The Centre of Excellence for the Dynamics of Language held a workshop in Melbourne last week to “develop accessible corpora from lesser-described languages for new ways of empirical research on diverse languages.” Many language documentation projects collect a range of texts (both audio and written) which can be collated into a corpus for various different types of research. Having these resources available in appropriate formats makes it easier to do research, both within a particular language and across different languages.

After a plenary by Ulrike Mosel from the University of Kiel, a number of different researchers spoke about their own corpora – including some of the challenges and opportunities presented by their collections. Michael Christie spoke of the growing collection of texts by Yolŋu researchers on topics such as housing, gambling, education, etc., created through the Yolŋu Aboriginal Consultants Initiative, the Yolŋu Studies program (both at CDU), and many other research projects. He commented on the depth of  knowledge available in Yolŋu Matha texts, and the opportunities for Yolŋu themselves to explore and expand these.

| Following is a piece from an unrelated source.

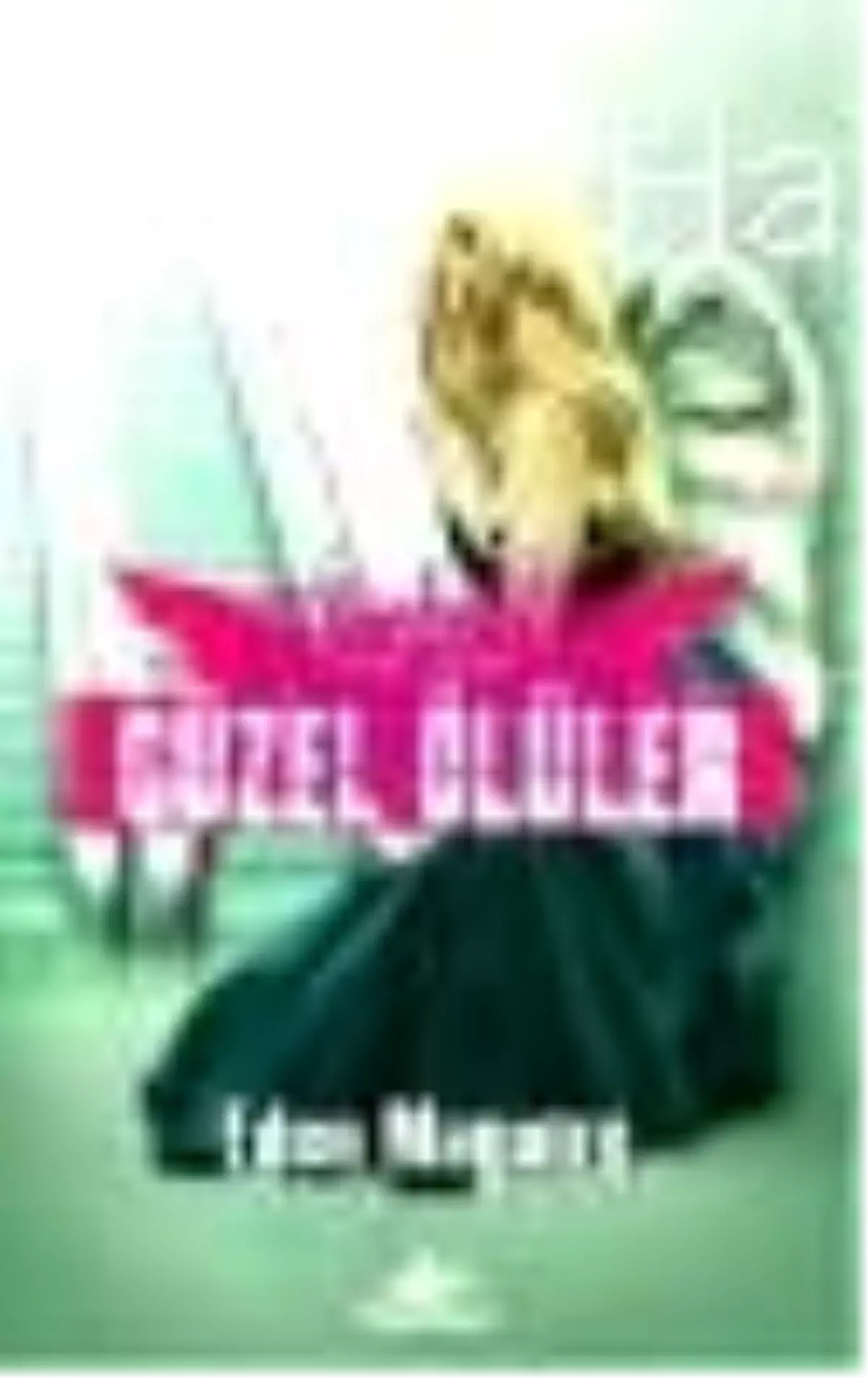 Güzel Ölüler 3. Kitap - Summer Kitabı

It was gratifying to hear a number of presenters refer to the Living Archive as a source of material for various language corpora, and Greg Dickson also described a small experiment he did creating a small corpus of Kriol texts from LAAL and using a corpus linguistics tool called AntConc to do some simple analysis.

Having been mentioned several times on the first day, the Living Archive was officially presented on the second day of the conference, with one attendee describing it as “magnificent”, and some suggestions about how to handle materials for which we haven’t yet got signed permission.  We are already sharing LAAL resources with some other researchers who are developing a corpus of Warlpiri materials, and are happy to share ideas and resources with others.

This was a good opportunity to connect with others collecting materials in languages for which there may not be much material available, and to discuss the best ways to keep the materials safe, best practice for metadata, as well as what kinds of access conditions are most appropriate. We look forward to the next steps so we can ‘shepherd’ these materials into useful resources for research and reuse.